This reminds me of rush hour in London (I was born in Essex,not far from there) - the sensory overload of the city has its own music - so my sounds must reflect this

Give that dog a bone!
: this carnival has guard dogs!

The carnival of evil is in town!

Epiphone Flying V doing bright wails!

A dark wailing, but fitting.

Epiphone Les Paul neck pickup, darkly wailing

If Electric Ladyland Studios had more headroom on the board, this could have been Jimi for a moment.
That comment shows I have achieved something with this one - searching for the holy grail of heavy
One must always seek for that!

This is almost in my catalog of ugly, good show, sir!
almost - it has an ugly beauty, if I might say so myself! Thanks!

Oh. The dogs!

As Crowley has it - 'is god a dog' - there's an expansive and yet unwanted symbolism around dogs - and the dogs of war is another name for warriors - not so noble warriors - do we insult men by calling them dogs or do we insult dogs so!?! There was some skin scrape noise near the end on the bass which reminded me of a bark, and so I put these dog sounds on it - barks have a rhythm, the howls are like lead guitars and the growls are like mid range riffing - those growls are good
Given how some dogs are treated, the gods would be so fortunate. :)

These keening squeals (and squeals is to weak a word) I just don't have them. Maybe it's the lack of the whammy bar.
No whammy bar on this one - the guitar is whammy equiped but the bar wasn't on it - it's actually slide - it is something I just feel at the moment - completely unplanned - I just had a slide nearby [a ceramic one] and got it on to the Flying V - going up close to the back pick up - the beauty of playing up there is that the increments between the notes is very small so it doesn't take much movement of the slide to get squeals - also these Iron Gear Metal Machine pickups are unearthly powerful. It's an Epi V that the previous owner had equiped with these pickups and sold the guitar because he found them too powerful! ... 'too' powerful ... can you have too much power!?!

Cry havoc!
That is an interesting word: the word, like the action it describes, came from the Normans. The Norman Conquest of England in 1066 was a great tragedy for the English. Tolkien used to weep upon thinking of it. While Anglo-Saxon re-emerged later, it was never the same. "Late Middle English: from Anglo-Norman French havok, alteration of Old French havot, of unknown origin. The word was originally used in the phrase cry havoc ( Old French crier havot) ‘to give an army the order havoc’, which was the signal for plundering.

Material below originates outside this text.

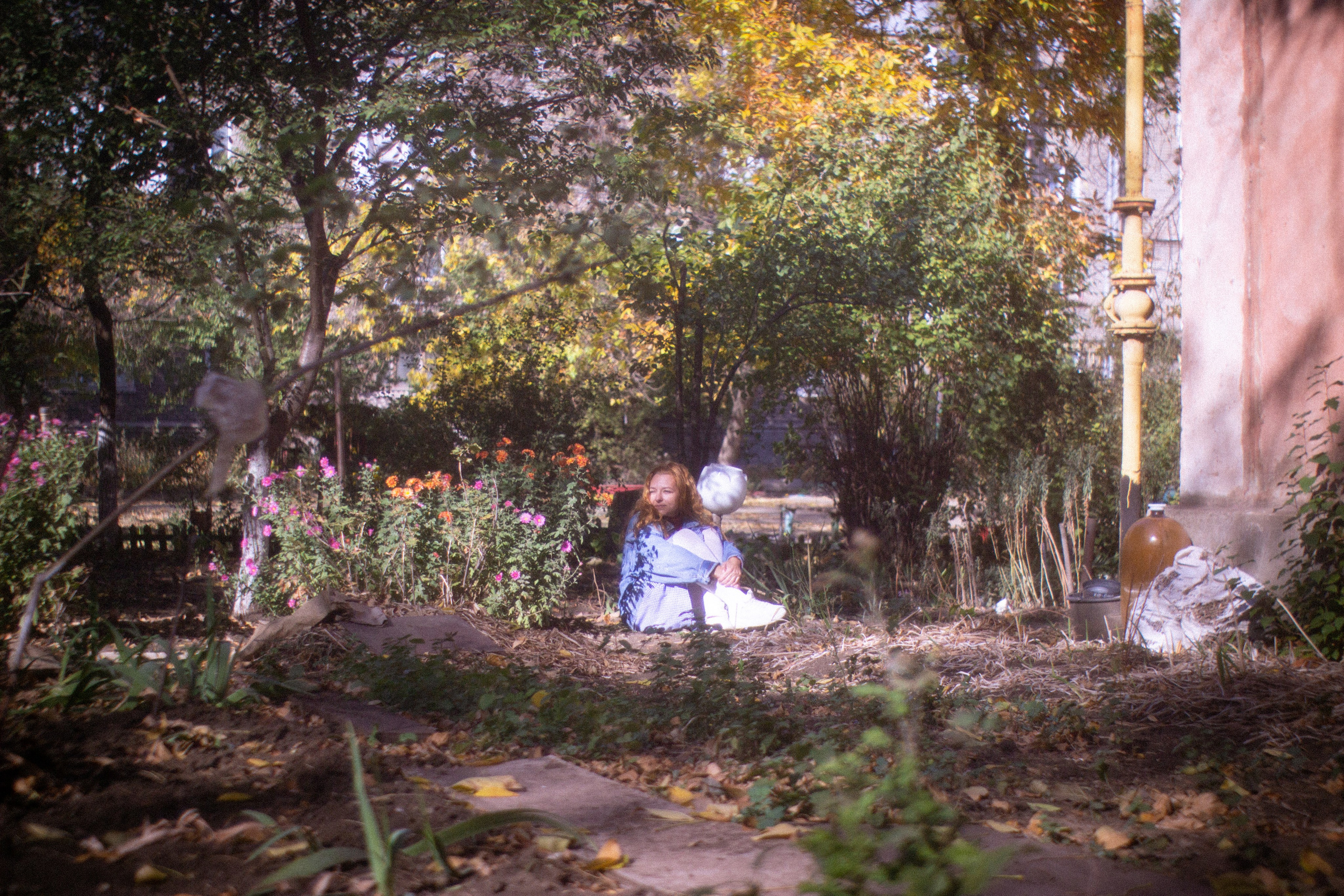 История твоего двора. • Фотограф Александра Светозар Алчевск •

The Bard knew it all. And it just keeps happening.
He had great insight - and it suggests that the thing we call 'human nature' hasn't changed for hundreds - nay, for hundreds of thousands of years. Those who seek to 'improve' humanity are on a hiding to nothing!

I feel a groove coming on.
There's a subdued bit of polyrhythmia going on there - the bass settles into a riff for a while - I then put a drum beat which cuts across it so making two different beats, but as the advance they meat and briefly lock in together creating that semblance of a groove - I love that sort of thing because, however brief and subdued, that groove is very wicked in the evil sense, and this piece feeds upon evil and havoc like a vampyre

"Barking mad freedom" ... the freedom of beasts. Our only true freedom? I ask you.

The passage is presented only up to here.